Comparison of two recombinant major outer membrane proteins of the human granulocytic ehrlichiosis agent for use in an enzyme-linked immunosorbent assay

Abstract

Enzyme-linked immunosorbent assay (ELISA) for human granulocytic ehrlichiosis (HGE) using two different recombinant P44 proteins (rP44 and rP44-2hv) of the HGE agent as antigens was evaluated. Sera from a total of 72 healthy humans both from regions where HGE is nonendemic and regions where HGE is endemic were used as negative controls to determine the cutoff value for ELISA. Sera from a total of 14 patients (nine from whom the HGE agent was isolated and five who were HGE-PCR positive) were used as positive controls. One hundred nine sera from 72 patients in an area where HGE is endemic who were suspected of having HGE were examined by ELISA and indirect immunofluorescence assay (IFA). All IFA-negative sera were negative by both ELISAs.
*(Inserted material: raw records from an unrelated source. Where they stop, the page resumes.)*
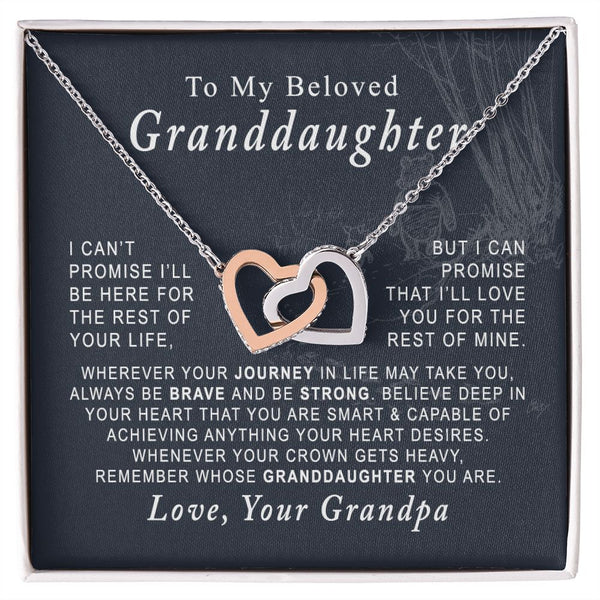 To My Beloved Granddaughter Interlocking Hearts Necklace Gift From Grandpa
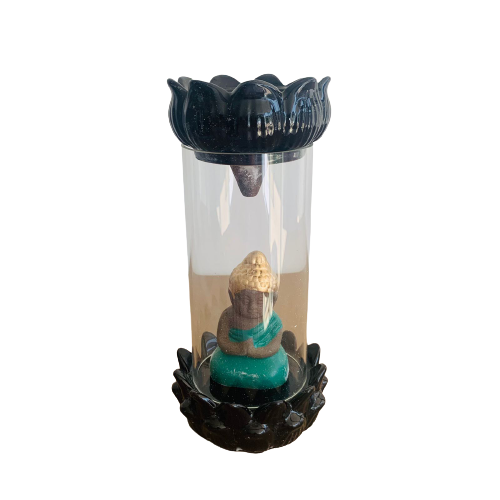 Porta Incienso Cascada Glass Budda + 10 inciensos especiales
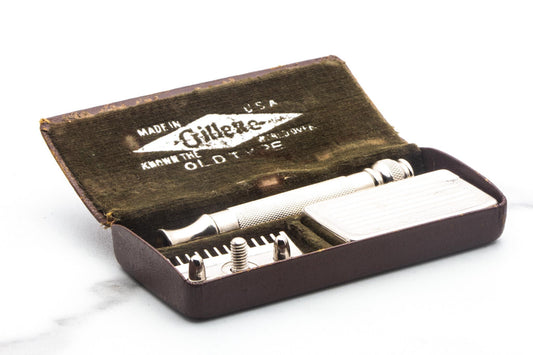 1920's Gillette Ball End Old Type Double Edge Safety Razor Set | Factory Nickel Revamp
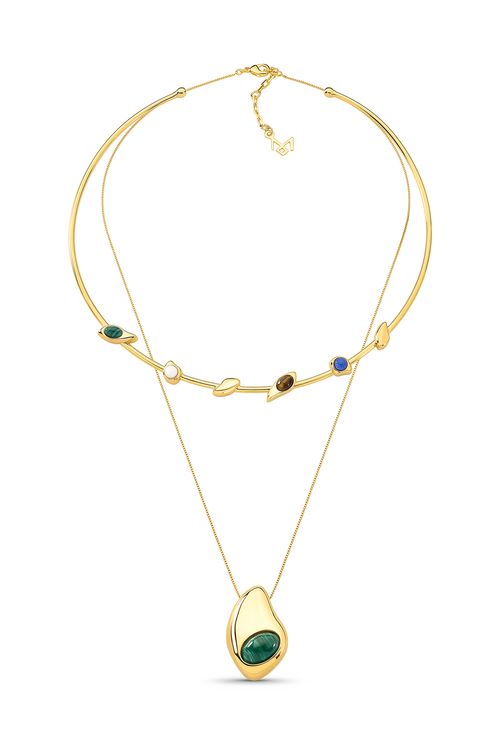 Colar Colores - Malaquita, Olho de Tigre, Quartzo Azul e Porcelana Branca - Coleção Dolce Tropicália Alto Verão Banho: Folheado a Ouro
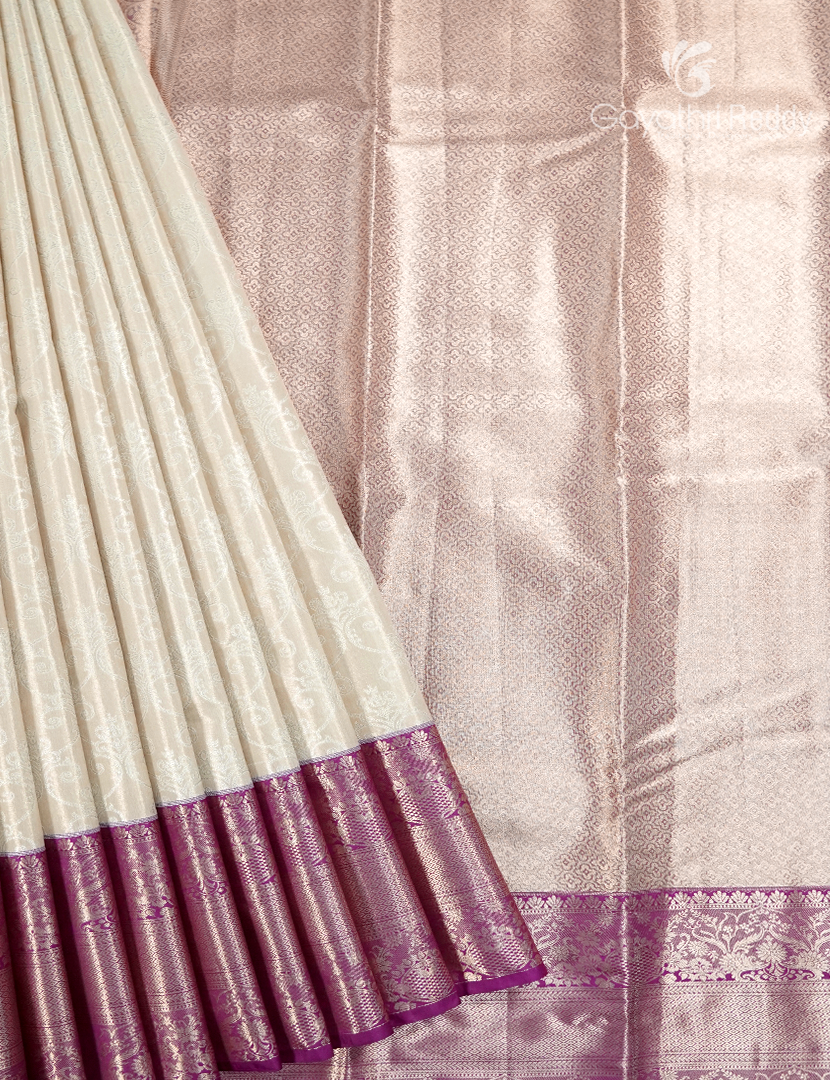 Semi Kanchipuram Silk Saree in Milk White and Deep Pink
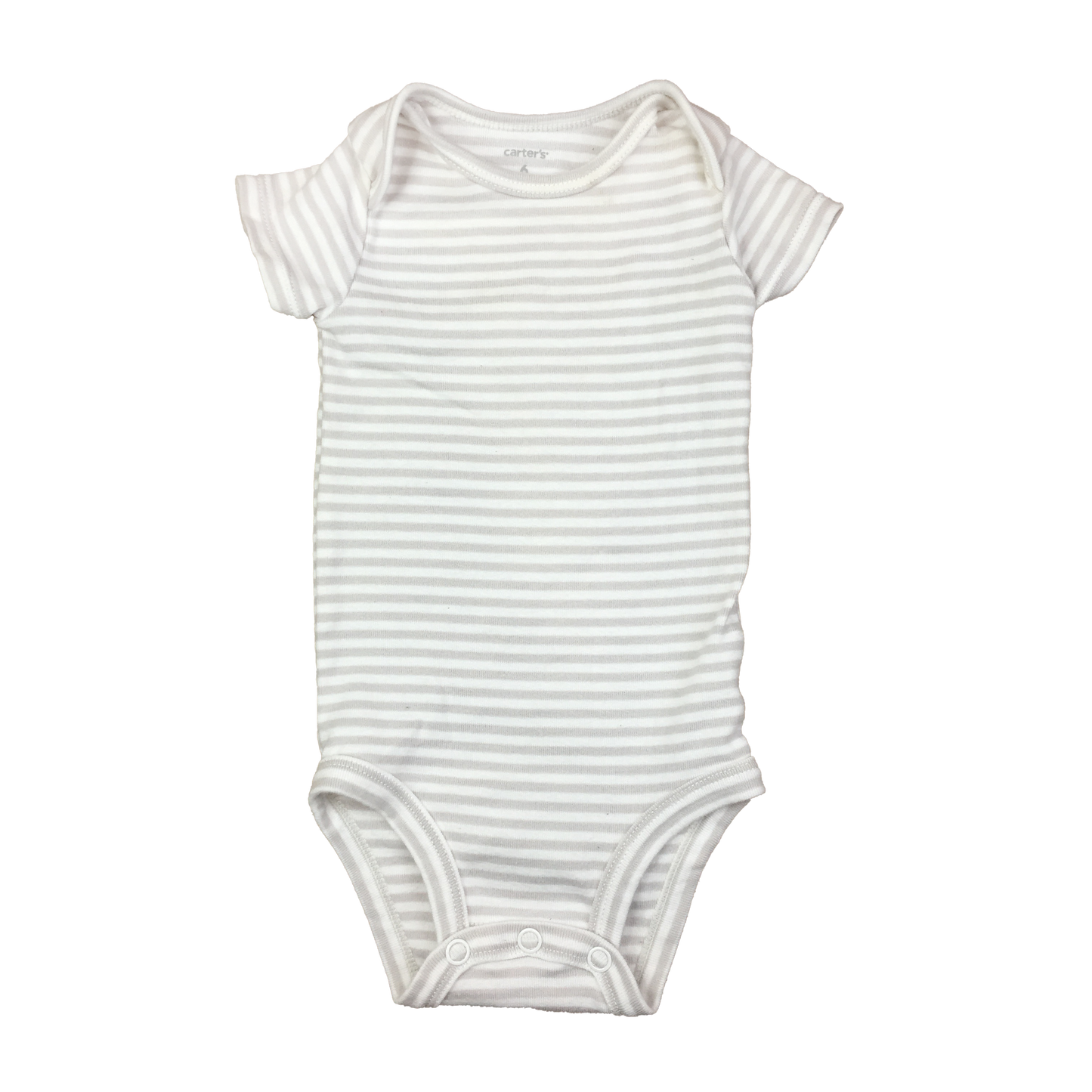 Carter's Grey & White Striped Onesie 6M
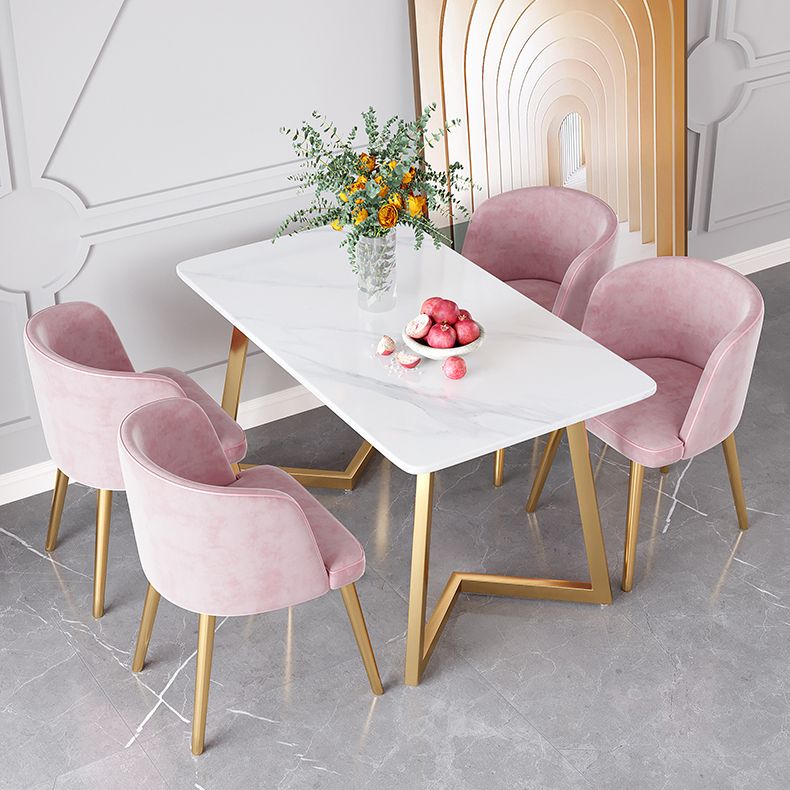 Glam Iron Dining Table Set 1/2/5/6 Pieces Rectangle Dinette Set with Sintered Stone Top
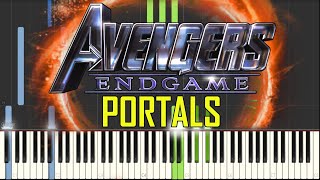 Portals  Avengers Endgame Synthesia Piano Tutorial [upl. by Nakada249]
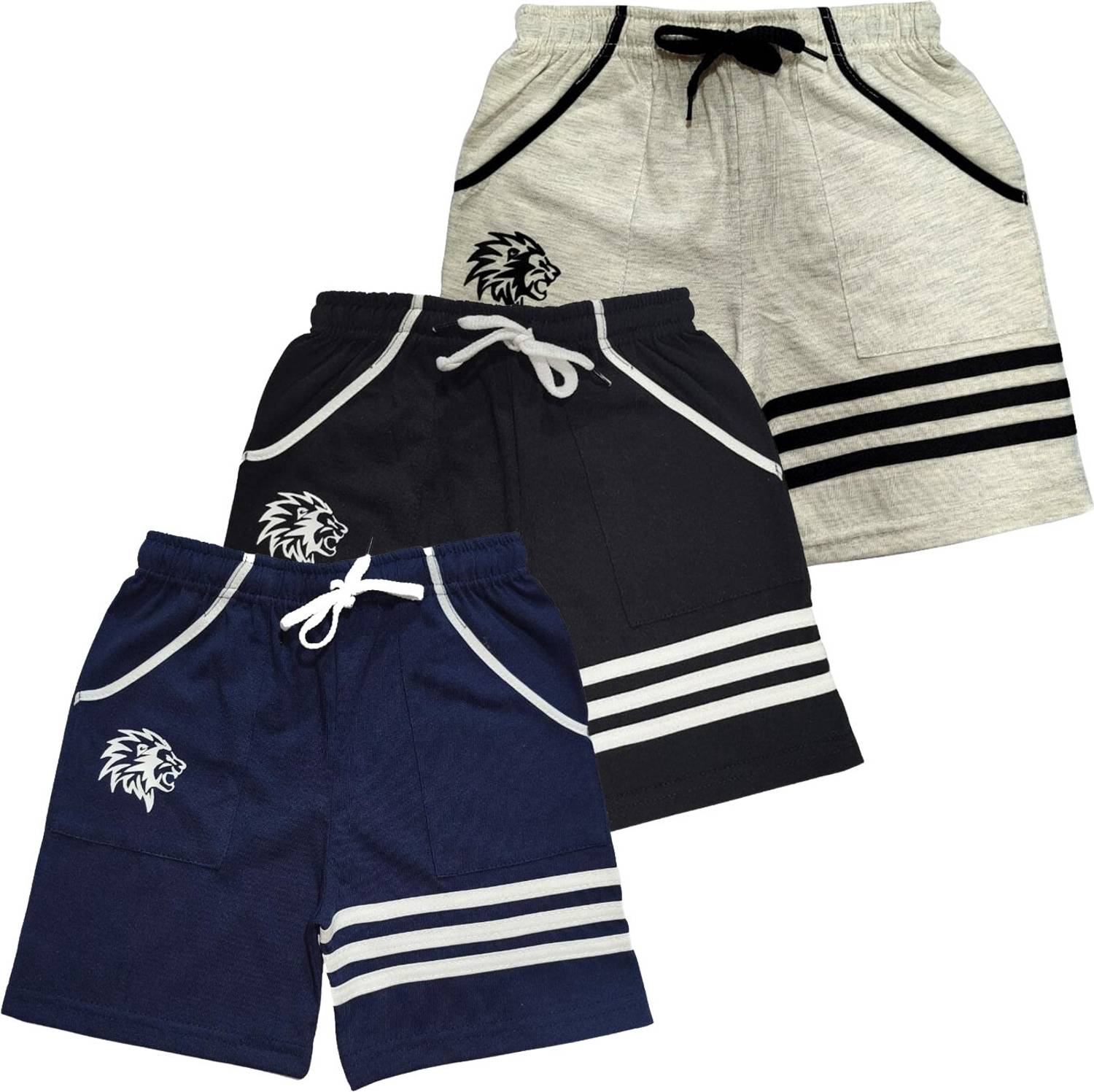 Ticoss Short For Boys & Girls Casual Striped Cotton Blend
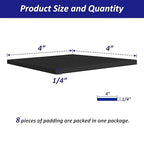 Foam Padding Sheets with Adhesive Backing - 1/4" Thick Self Stick Neoprene Insulation Foam,1/4 Inch Thick X 4 Inch Long X 4 Inch Wide (4, 1/4Inch x 4Inch x 4Inch)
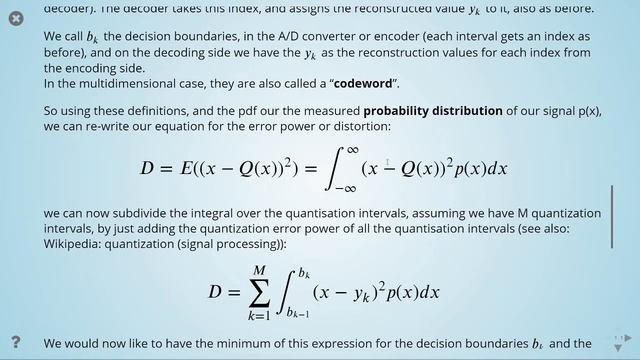 ADSP - 04 Lloyd-Max Quantizer - 03 Minimizing the Expectation of the Quantization Error Power смотреть онлайн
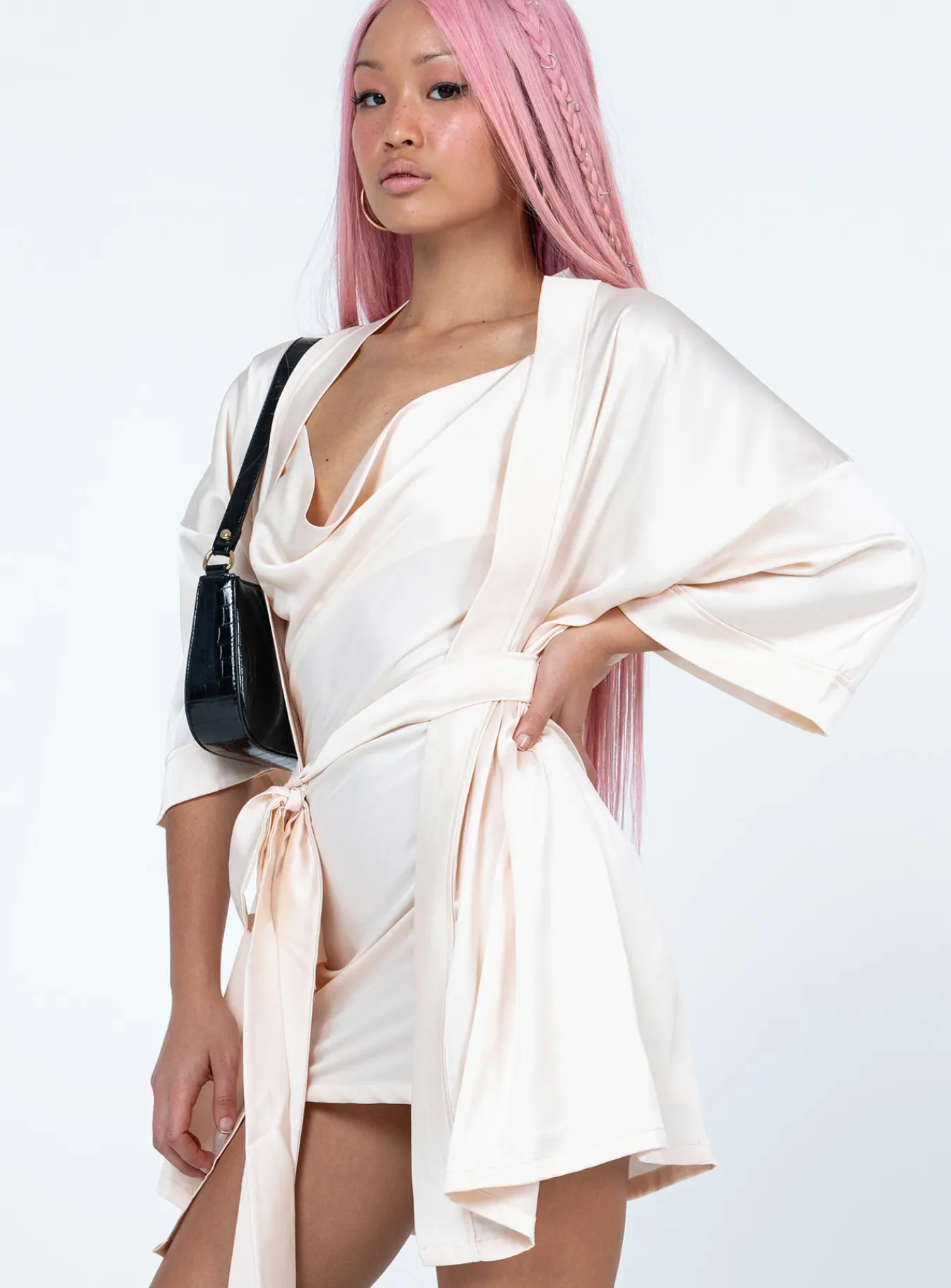 Princess Polly Rise And Shine Dressing Gown Champagne New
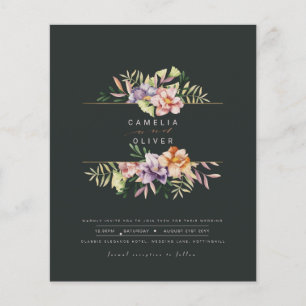 Papier Budget Été Floral Mariage Inviter QR Code RSVP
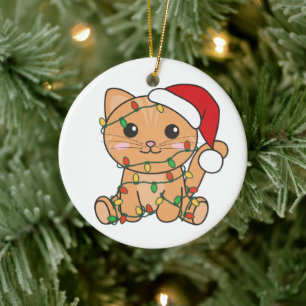 Adorno De Cerámica Gatos Navidades Animales de Invierno Gatos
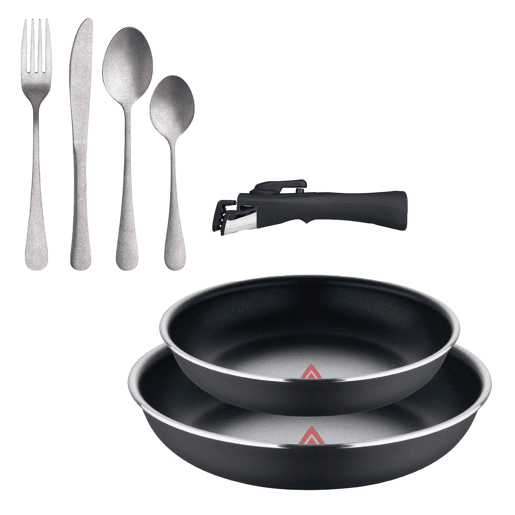 Frigideiras de indução Click&Cook Ø22Ø26cm e conjunto de talheres de 16 peças
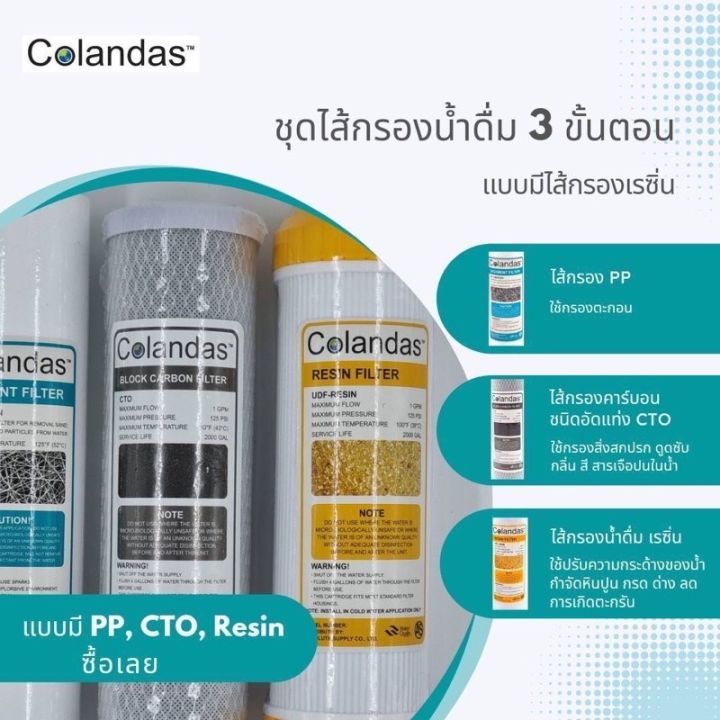 ไส้กรองน้ำดื่ม-colandas-3ขั้นตอน-แบบมีไส้กรองเรซิน-resin-pp-cto-resin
Of 39 sera that were IFA positive, 35 and 27 were positive by ELISA using rP44 and rP44-2hv, respectively, indicating that the use of rP44 is more sensitive. Western blot analysis of the four rP44-ELISA-negative IFA-positive sera using whole HGE agent as antigen suggests that these four sera were false IFA positive. There was no difference in results with or without the preabsorption of sera with Escherichia coli or with or without the cleavage of the fused protein derived from the vector. There was a significant positive correlation between IFA titers and optical densities of ELISAs. Four Ehrlichia chaffeensis-positive and 10 Borrelia burgdorferi-positive sera were negative by ELISA. However, two Babesia microti-positive sera showed strong cross-reactivity to the fused vector protein, which was eliminated after cleavage of the protein. Thus, ELISA using rP44 nonfusion protein would provide a simple, specific, and objective HGE serologic test which can be easily automated.

FIG. 1

Western blot analysis of patient sera by using the native HGE agent as an antigen. Samples subjected to sodium dodecyl sulfate-polyacrylamide gel electrophoresis consisted of 10 μg of purified whole-cell preparation of HGE agent. The protein was transferred to nitrocellulose membrane and was incubated with a 1:100 dilution of sera (B66, J14, B20, A30, B02, B14, MoAb, or J01). Numbers at the left are molecular mass standards (in kilodaltons) based on the broad-range prestained standards (Bio-Rad Laboratories, Richmond, Calif.).

FIG. 2

Correlation between IFA titers and ODs of ELISA by using EK-rP44 as an antigen. Each circle represents one sample. The rho value calculated by Spearman's rank correlation was 0.740 (P < 0.001) (n = 181).